The 'A' raters were first sailed on the river in 1870 when the Thames Sailing Club was founded at its present site. Some of the boats still sailing are almost 100 years old. Their spectacular appearance comes from their outsize masts, 40ft (12m) high, built to catch the wind from above the trees on the river bank. The boats are 26ft long - the size of a small yacht, although they are sailed like dinghies.
Thames Sailing Club has been trying to buy the site for 20 years, but before privatisation Thames Water was not interested in selling. When the company finally decided to sell the site earlier this year the club made an offer, but Thames Water ended negotiations because it believes it can get a better price at auction.
The site will be sold as lot 90 next Wednesday, at an auction at the Kensington Hilton Hotel, with a guide price of pounds 150,000. Thames Water has drawn up a scheme for 10 houses on the river bank, squeezing the club into a small area which would make it impossible to continue sailing 'A' raters.
'The scheme has not been discussed with us at all,' Stephen Dunn, the club's rear commodore, said. 'We need a lot of space to sail the 'A' raters - as it is we moor them five abreast. But we have 18 of them. If we are forced off this bit of the river I don't believe we could find another site. Other clubs would not have us because we take up so much space.
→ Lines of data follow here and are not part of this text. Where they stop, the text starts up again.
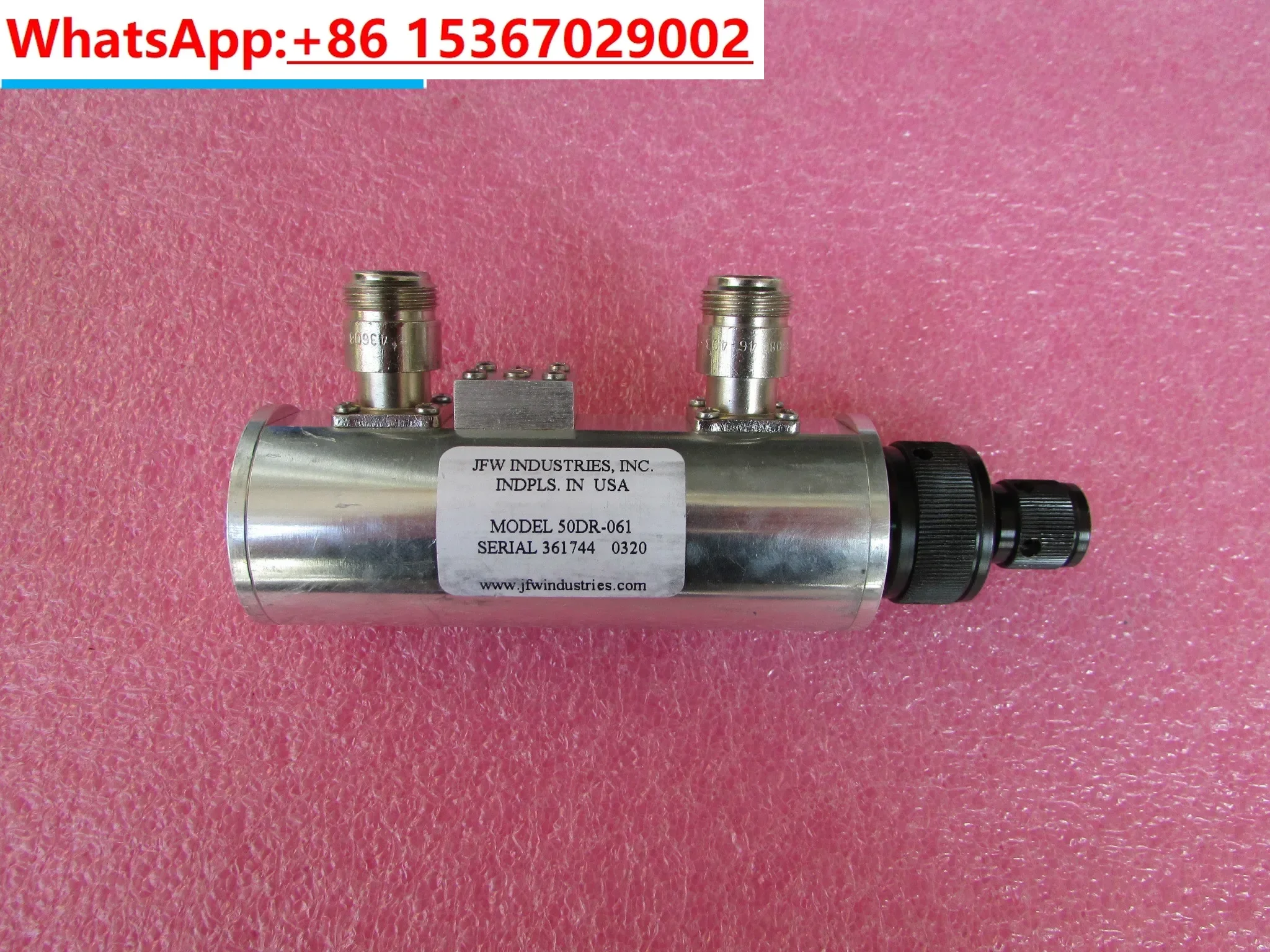 JFW imported 50DR-061DC-2.5GHz N 80dB1dB step/adjustable/manual attenuator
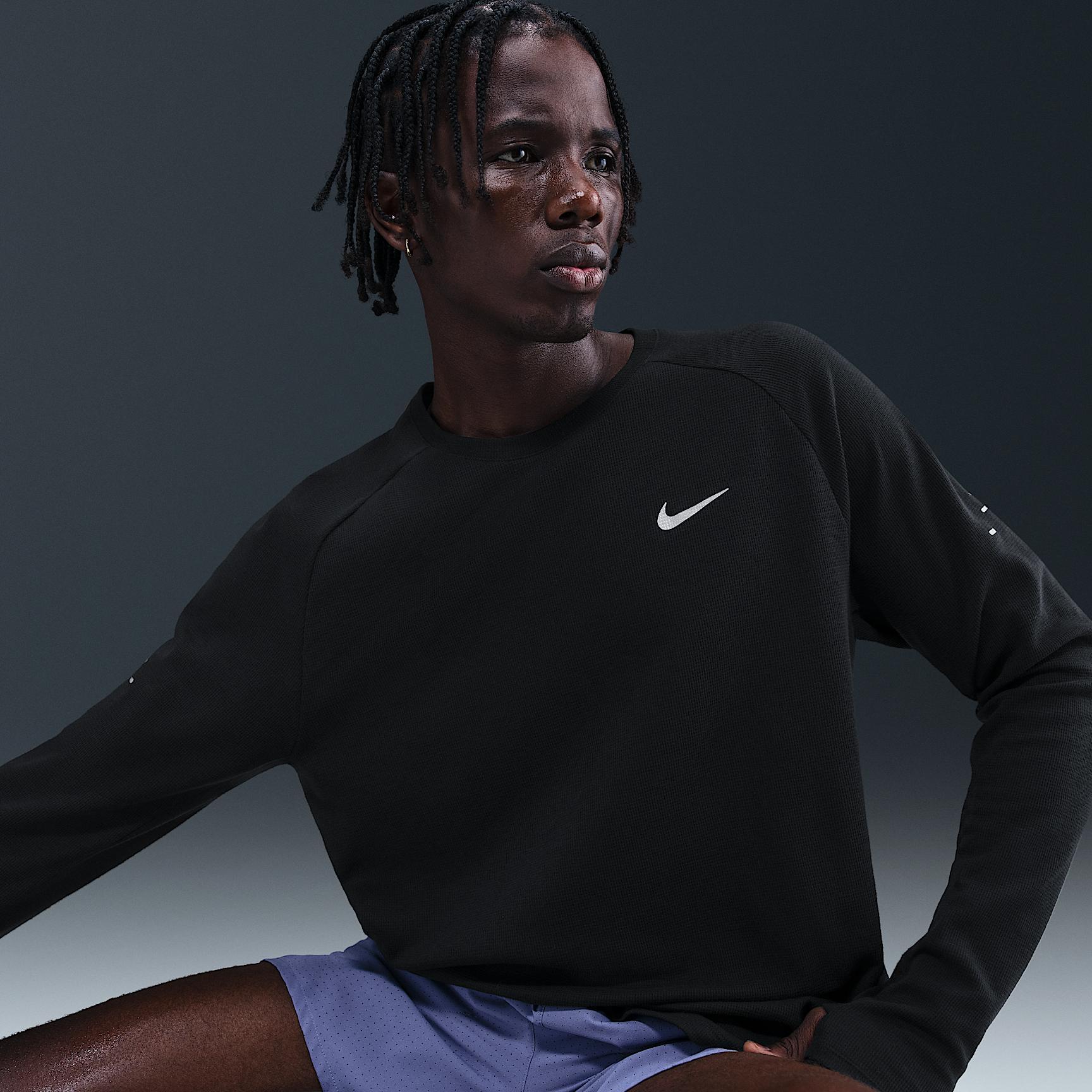 Nike Men's Stride Dri-FIT Running Waffle Crew Product Image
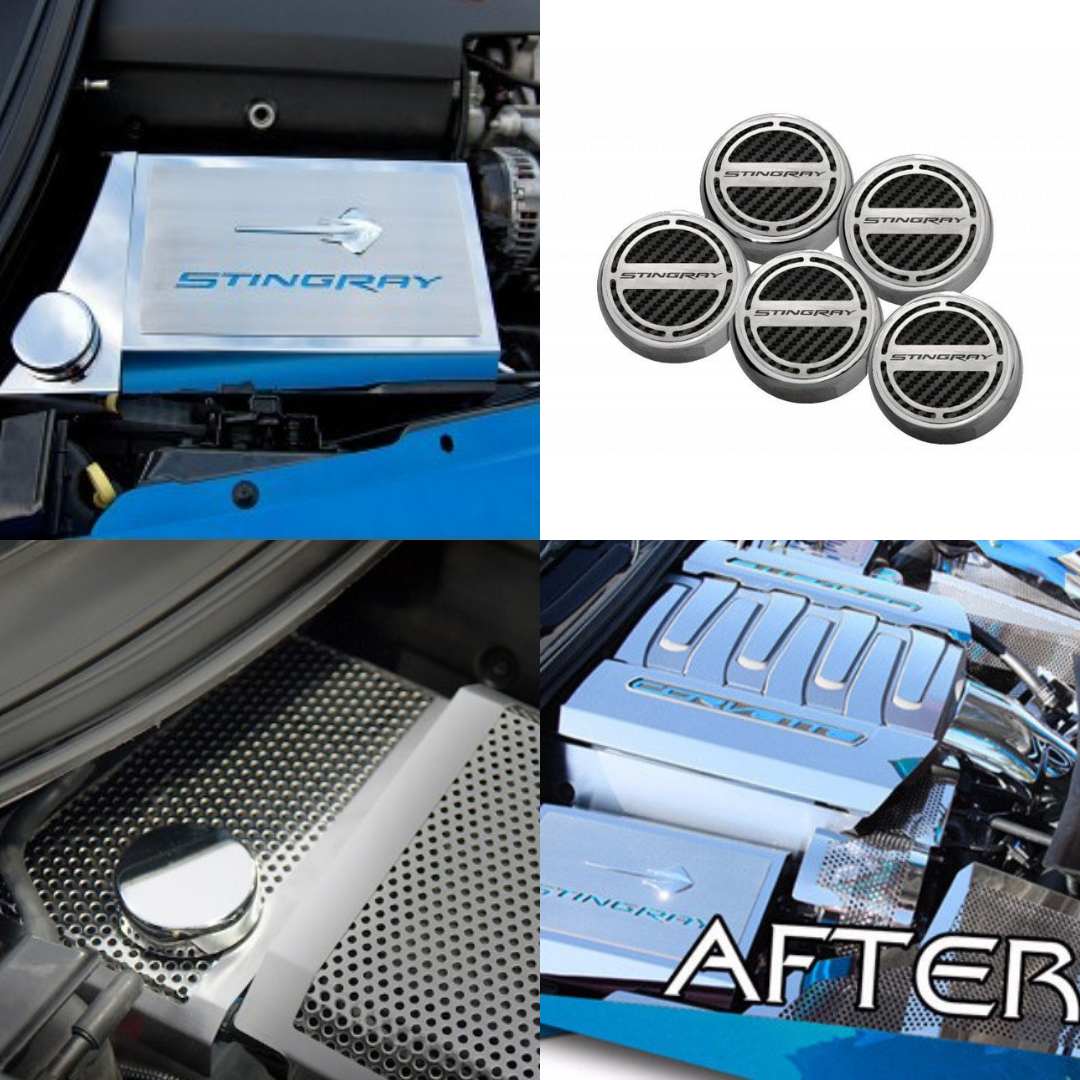 C7 Corvette Stingray Engine Bay Dress-Up Bundle | American Car Craft | 2014-2019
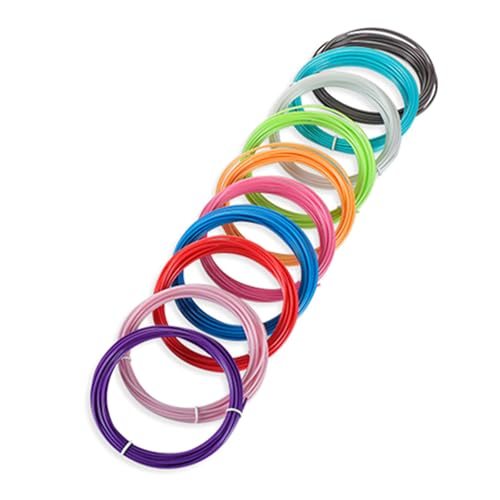 PCL-Stift-Filament, rauchfrei, geruchlos, 3D Art, 1,75 mm Durchmesser, kinderfreundlich, einfach zu formen PCL-Stift-Filament, rauchfrei, geruchlos, 3D Art, 1,75 mm Durchmesser, kinderfreundlich, einfach zu formen von Kfwfuaee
The 'A' raters would seldom sail again as a fleet.' The National Maritime Museum says the loss would be a major blow to sailing history in Britain.
The surrounding river bank attracts crowds to admire 'A' raters' manoeuvres in full sail and the local pub, Hart's Boatyard, is usually busy. The pub is built over a boatyard run by Ossie Stewart, who won a bronze medal sailing a Soling class keelboat in the Barcelona Olympics this year.
The site was originally reclaimed from marshland. Thames Sailing Club built its own clubhouse, a charming Victorian building with a verandah overlooking the river, and a large boathouse for the 'A' raters. When the club's lease ends next year its control over the property will cease.
Thames Water says it has to take a commercial decision about the future of the site. It is spending more than pounds 1m a day on development and needs the money.